Ketiga, seorang yang bertaubat namun pada saat-saat yang tertentu ia di kalahkan nafsu dengan melakukan ragam maksiat. Dan ia sadar bahwa kemasiatan yang di lakukanya sengaja karena memang tidak mampu mengekang nafsu syahwatnya. Dalam waktu yang sama ia taat dan meninggalkan kemaksiatan. Hatinya terketuk untuk menghindari intruksi nafsu, namun kekuatan nafsunya seimbang dengan imanya. Orang yang seperti ini memiliki jiwa nafsu musawalah

Keempat, seorang yang bertaubat dalam batas waktu yang tertentu dan terbatas, pada waktu yang sama ia kembali menjerumuskan dirinya ke lembah kemaksiatan. Orang seperti ini tidak ada rasa penyesalan atas kemaksiatan yang di lakukanya dan sama sekali tidak ada keinginan untuk taubat. Jiwa yang seperti ini disebut nafsu amarah bissui. 

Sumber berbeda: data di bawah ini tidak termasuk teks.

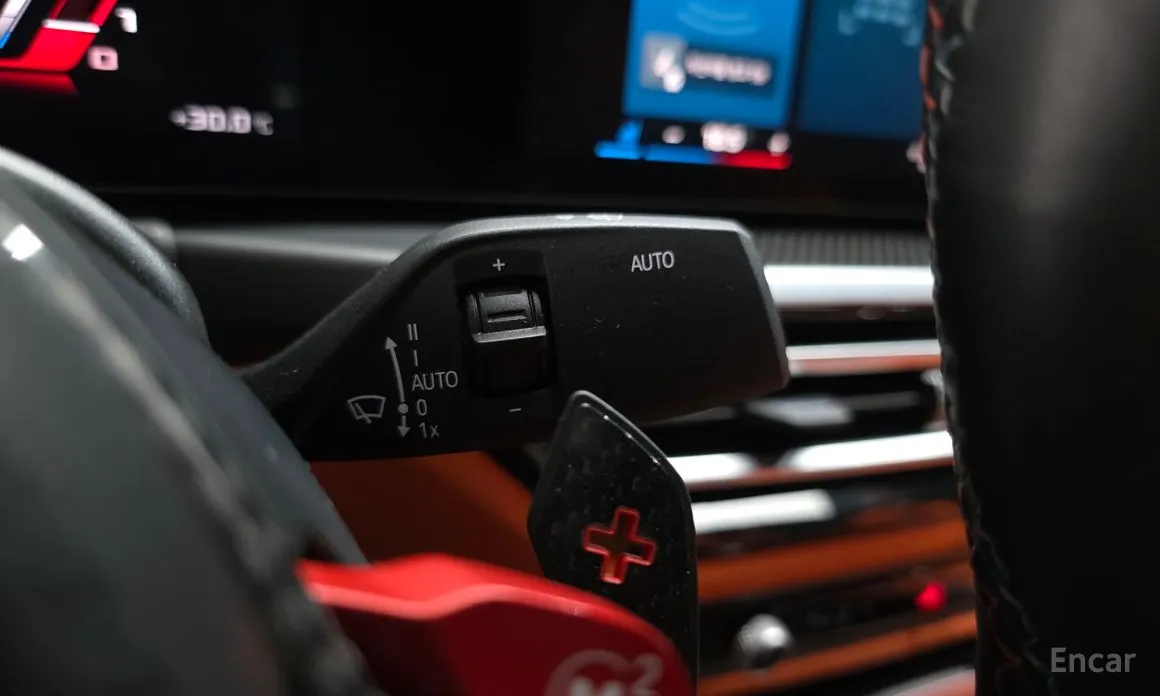 BMW M3 2021 M3 Sedan Competition M xDrive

Wallahu 'alam bi shawwab. 


[1]  Menurut beliau banyak yang menafsirkan taubat untuk tidak kembali dosa, melepaskanya dan menyesalinya, yang tidak jarang pula sering dijadikan syarat bertaubat.


Referensi :

Al Raghib Al Ashfahani, Mu’jam Mufrodat Al Fadz Al Quran, (Beirut : Dar Kutub Ilmiyyah, 2013).

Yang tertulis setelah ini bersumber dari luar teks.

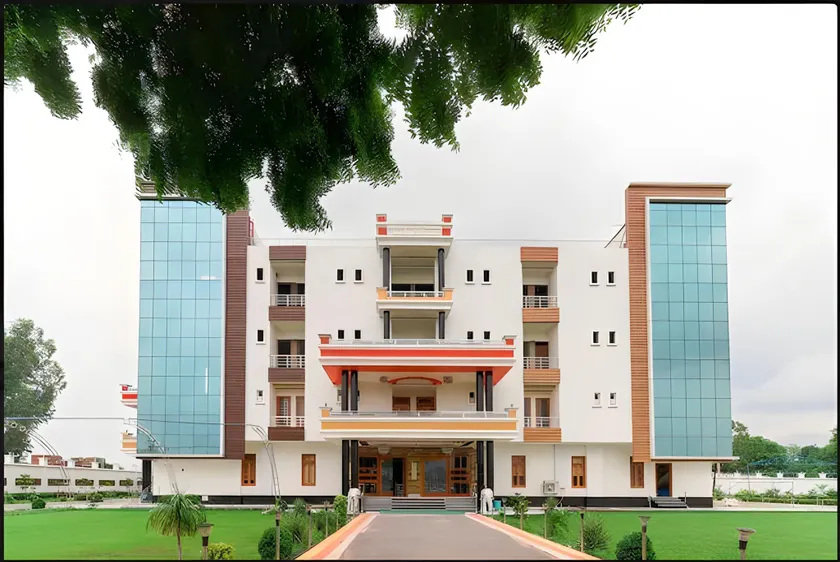 Surja Resort - Image 1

Ibnu Qayyim al Jauziyyah, madariju salikin bayna manazil iyyaka na’budu wa iyyaka nasta’in, (Beirut : Dar Kutub al ‘Araby, 1996). 

Muhammad Fuad Abdul Baqi’, Mujam Mufahros Al Fadz Al Quran, (Beirut : Dar Kutub Ilmiyyah, 1981).

Haris Firdaus, Generasi Islam di ambang Pintu Kehancuran, (Bandung : Mujahid Press, 2003).